Return the data that follows, keeping every word and mark unchanged.

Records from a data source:

———

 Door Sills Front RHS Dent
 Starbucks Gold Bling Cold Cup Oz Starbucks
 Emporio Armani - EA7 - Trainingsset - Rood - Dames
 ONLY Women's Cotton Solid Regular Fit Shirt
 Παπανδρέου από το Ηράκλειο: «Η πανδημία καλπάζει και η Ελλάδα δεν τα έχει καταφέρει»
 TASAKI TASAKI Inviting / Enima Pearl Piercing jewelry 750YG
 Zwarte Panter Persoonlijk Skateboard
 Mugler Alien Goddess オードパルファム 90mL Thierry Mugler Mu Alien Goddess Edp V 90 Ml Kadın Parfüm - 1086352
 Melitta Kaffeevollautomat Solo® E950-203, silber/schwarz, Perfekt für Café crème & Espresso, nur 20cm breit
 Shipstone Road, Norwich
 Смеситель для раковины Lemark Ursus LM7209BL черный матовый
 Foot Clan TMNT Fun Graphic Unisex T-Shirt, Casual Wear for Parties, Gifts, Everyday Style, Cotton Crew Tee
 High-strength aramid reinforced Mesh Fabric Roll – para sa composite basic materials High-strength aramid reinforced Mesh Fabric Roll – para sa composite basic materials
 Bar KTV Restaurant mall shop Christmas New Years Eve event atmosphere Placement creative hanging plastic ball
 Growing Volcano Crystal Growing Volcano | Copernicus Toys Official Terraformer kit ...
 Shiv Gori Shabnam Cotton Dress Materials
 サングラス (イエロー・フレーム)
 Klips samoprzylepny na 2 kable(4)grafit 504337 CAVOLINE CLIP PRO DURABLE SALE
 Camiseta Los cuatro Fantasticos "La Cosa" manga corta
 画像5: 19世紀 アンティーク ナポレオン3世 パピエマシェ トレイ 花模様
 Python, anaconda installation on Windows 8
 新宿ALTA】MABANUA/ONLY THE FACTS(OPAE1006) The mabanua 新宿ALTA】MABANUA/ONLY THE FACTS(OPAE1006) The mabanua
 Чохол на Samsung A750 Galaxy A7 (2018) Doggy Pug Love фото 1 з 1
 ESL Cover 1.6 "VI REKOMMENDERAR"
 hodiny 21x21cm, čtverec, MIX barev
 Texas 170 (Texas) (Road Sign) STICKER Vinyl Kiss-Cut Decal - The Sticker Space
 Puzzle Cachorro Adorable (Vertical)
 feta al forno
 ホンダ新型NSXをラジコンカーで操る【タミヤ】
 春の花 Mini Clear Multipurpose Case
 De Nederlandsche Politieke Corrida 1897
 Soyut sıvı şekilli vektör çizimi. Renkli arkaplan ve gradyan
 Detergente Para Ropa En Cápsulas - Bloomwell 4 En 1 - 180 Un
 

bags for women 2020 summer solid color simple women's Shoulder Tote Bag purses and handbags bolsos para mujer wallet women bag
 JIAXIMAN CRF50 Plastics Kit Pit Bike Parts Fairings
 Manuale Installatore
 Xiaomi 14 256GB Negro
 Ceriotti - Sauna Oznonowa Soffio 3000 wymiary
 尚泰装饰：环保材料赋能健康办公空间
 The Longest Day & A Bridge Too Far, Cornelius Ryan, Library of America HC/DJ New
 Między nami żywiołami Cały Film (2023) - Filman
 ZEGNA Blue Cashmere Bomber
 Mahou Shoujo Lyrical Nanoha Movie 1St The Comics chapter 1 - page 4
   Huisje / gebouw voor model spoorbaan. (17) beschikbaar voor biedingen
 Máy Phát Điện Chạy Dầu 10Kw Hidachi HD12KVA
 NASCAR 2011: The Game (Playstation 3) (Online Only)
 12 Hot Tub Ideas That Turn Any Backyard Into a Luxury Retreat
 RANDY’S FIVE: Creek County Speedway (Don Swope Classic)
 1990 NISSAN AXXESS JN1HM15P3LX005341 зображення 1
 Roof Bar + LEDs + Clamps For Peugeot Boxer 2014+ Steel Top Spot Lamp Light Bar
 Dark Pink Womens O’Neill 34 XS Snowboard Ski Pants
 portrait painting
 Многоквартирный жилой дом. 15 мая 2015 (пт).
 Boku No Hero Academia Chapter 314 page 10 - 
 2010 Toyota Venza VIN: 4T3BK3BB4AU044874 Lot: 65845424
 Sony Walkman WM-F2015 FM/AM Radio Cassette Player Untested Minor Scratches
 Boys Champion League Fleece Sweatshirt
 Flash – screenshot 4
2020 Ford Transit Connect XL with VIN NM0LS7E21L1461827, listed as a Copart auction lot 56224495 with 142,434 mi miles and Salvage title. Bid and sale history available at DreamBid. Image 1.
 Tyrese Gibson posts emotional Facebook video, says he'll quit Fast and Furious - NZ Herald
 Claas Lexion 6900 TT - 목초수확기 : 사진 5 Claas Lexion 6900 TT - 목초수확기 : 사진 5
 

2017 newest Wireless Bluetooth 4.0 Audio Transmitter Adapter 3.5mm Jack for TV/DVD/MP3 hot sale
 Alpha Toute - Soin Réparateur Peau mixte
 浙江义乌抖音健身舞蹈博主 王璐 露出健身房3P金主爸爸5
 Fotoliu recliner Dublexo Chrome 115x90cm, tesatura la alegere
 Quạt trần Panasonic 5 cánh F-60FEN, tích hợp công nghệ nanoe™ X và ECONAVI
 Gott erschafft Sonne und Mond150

———

SOLUTION TO THIS TASK:
 Door Sills Front RHS Dent
 Starbucks Gold Bling Cold Cup Oz Starbucks
 Emporio Armani - EA7 - Trainingsset - Rood - Dames
 ONLY Women's Cotton Solid Regular Fit Shirt
 Παπανδρέου από το Ηράκλειο: «Η πανδημία καλπάζει και η Ελλάδα δεν τα έχει καταφέρει»
 TASAKI TASAKI Inviting / Enima Pearl Piercing jewelry 750YG
 Zwarte Panter Persoonlijk Skateboard
 Mugler Alien Goddess オードパルファム 90mL Thierry Mugler Mu Alien Goddess Edp V 90 Ml Kadın Parfüm - 1086352
 Melitta Kaffeevollautomat Solo® E950-203, silber/schwarz, Perfekt für Café crème & Espresso, nur 20cm breit
 Shipstone Road, Norwich
 Смеситель для раковины Lemark Ursus LM7209BL черный матовый
 Foot Clan TMNT Fun Graphic Unisex T-Shirt, Casual Wear for Parties, Gifts, Everyday Style, Cotton Crew Tee
 High-strength aramid reinforced Mesh Fabric Roll – para sa composite basic materials High-strength aramid reinforced Mesh Fabric Roll – para sa composite basic materials
 Bar KTV Restaurant mall shop Christmas New Years Eve event atmosphere Placement creative hanging plastic ball
 Growing Volcano Crystal Growing Volcano | Copernicus Toys Official Terraformer kit ...
 Shiv Gori Shabnam Cotton Dress Materials
 サングラス (イエロー・フレーム)
 Klips samoprzylepny na 2 kable(4)grafit 504337 CAVOLINE CLIP PRO DURABLE SALE
 Camiseta Los cuatro Fantasticos "La Cosa" manga corta
 画像5: 19世紀 アンティーク ナポレオン3世 パピエマシェ トレイ 花模様
 Python, anaconda installation on Windows 8
 新宿ALTA】MABANUA/ONLY THE FACTS(OPAE1006) The mabanua 新宿ALTA】MABANUA/ONLY THE FACTS(OPAE1006) The mabanua
 Чохол на Samsung A750 Galaxy A7 (2018) Doggy Pug Love фото 1 з 1
 ESL Cover 1.6 "VI REKOMMENDERAR"
 hodiny 21x21cm, čtverec, MIX barev
 Texas 170 (Texas) (Road Sign) STICKER Vinyl Kiss-Cut Decal - The Sticker Space
 Puzzle Cachorro Adorable (Vertical)
 feta al forno
 ホンダ新型NSXをラジコンカーで操る【タミヤ】
 春の花 Mini Clear Multipurpose Case
 De Nederlandsche Politieke Corrida 1897
 Soyut sıvı şekilli vektör çizimi. Renkli arkaplan ve gradyan
 Detergente Para Ropa En Cápsulas - Bloomwell 4 En 1 - 180 Un
 

bags for women 2020 summer solid color simple women's Shoulder Tote Bag purses and handbags bolsos para mujer wallet women bag
 JIAXIMAN CRF50 Plastics Kit Pit Bike Parts Fairings
 Manuale Installatore
 Xiaomi 14 256GB Negro
 Ceriotti - Sauna Oznonowa Soffio 3000 wymiary
 尚泰装饰：环保材料赋能健康办公空间
 The Longest Day & A Bridge Too Far, Cornelius Ryan, Library of America HC/DJ New
 Między nami żywiołami Cały Film (2023) - Filman
 ZEGNA Blue Cashmere Bomber
 Mahou Shoujo Lyrical Nanoha Movie 1St The Comics chapter 1 - page 4
   Huisje / gebouw voor model spoorbaan. (17) beschikbaar voor biedingen
 Máy Phát Điện Chạy Dầu 10Kw Hidachi HD12KVA
 NASCAR 2011: The Game (Playstation 3) (Online Only)
 12 Hot Tub Ideas That Turn Any Backyard Into a Luxury Retreat
 RANDY’S FIVE: Creek County Speedway (Don Swope Classic)
 1990 NISSAN AXXESS JN1HM15P3LX005341 зображення 1
 Roof Bar + LEDs + Clamps For Peugeot Boxer 2014+ Steel Top Spot Lamp Light Bar
 Dark Pink Womens O’Neill 34 XS Snowboard Ski Pants
 portrait painting
 Многоквартирный жилой дом. 15 мая 2015 (пт).
 Boku No Hero Academia Chapter 314 page 10 - 
 2010 Toyota Venza VIN: 4T3BK3BB4AU044874 Lot: 65845424
 Sony Walkman WM-F2015 FM/AM Radio Cassette Player Untested Minor Scratches
 Boys Champion League Fleece Sweatshirt
 Flash – screenshot 4
2020 Ford Transit Connect XL with VIN NM0LS7E21L1461827, listed as a Copart auction lot 56224495 with 142,434 mi miles and Salvage title. Bid and sale history available at DreamBid. Image 1.
 Tyrese Gibson posts emotional Facebook video, says he'll quit Fast and Furious - NZ Herald
 Claas Lexion 6900 TT - 목초수확기 : 사진 5 Claas Lexion 6900 TT - 목초수확기 : 사진 5
 

2017 newest Wireless Bluetooth 4.0 Audio Transmitter Adapter 3.5mm Jack for TV/DVD/MP3 hot sale
 Alpha Toute - Soin Réparateur Peau mixte
 浙江义乌抖音健身舞蹈博主 王璐 露出健身房3P金主爸爸5
 Fotoliu recliner Dublexo Chrome 115x90cm, tesatura la alegere
 Quạt trần Panasonic 5 cánh F-60FEN, tích hợp công nghệ nanoe™ X và ECONAVI
 Gott erschafft Sonne und Mond150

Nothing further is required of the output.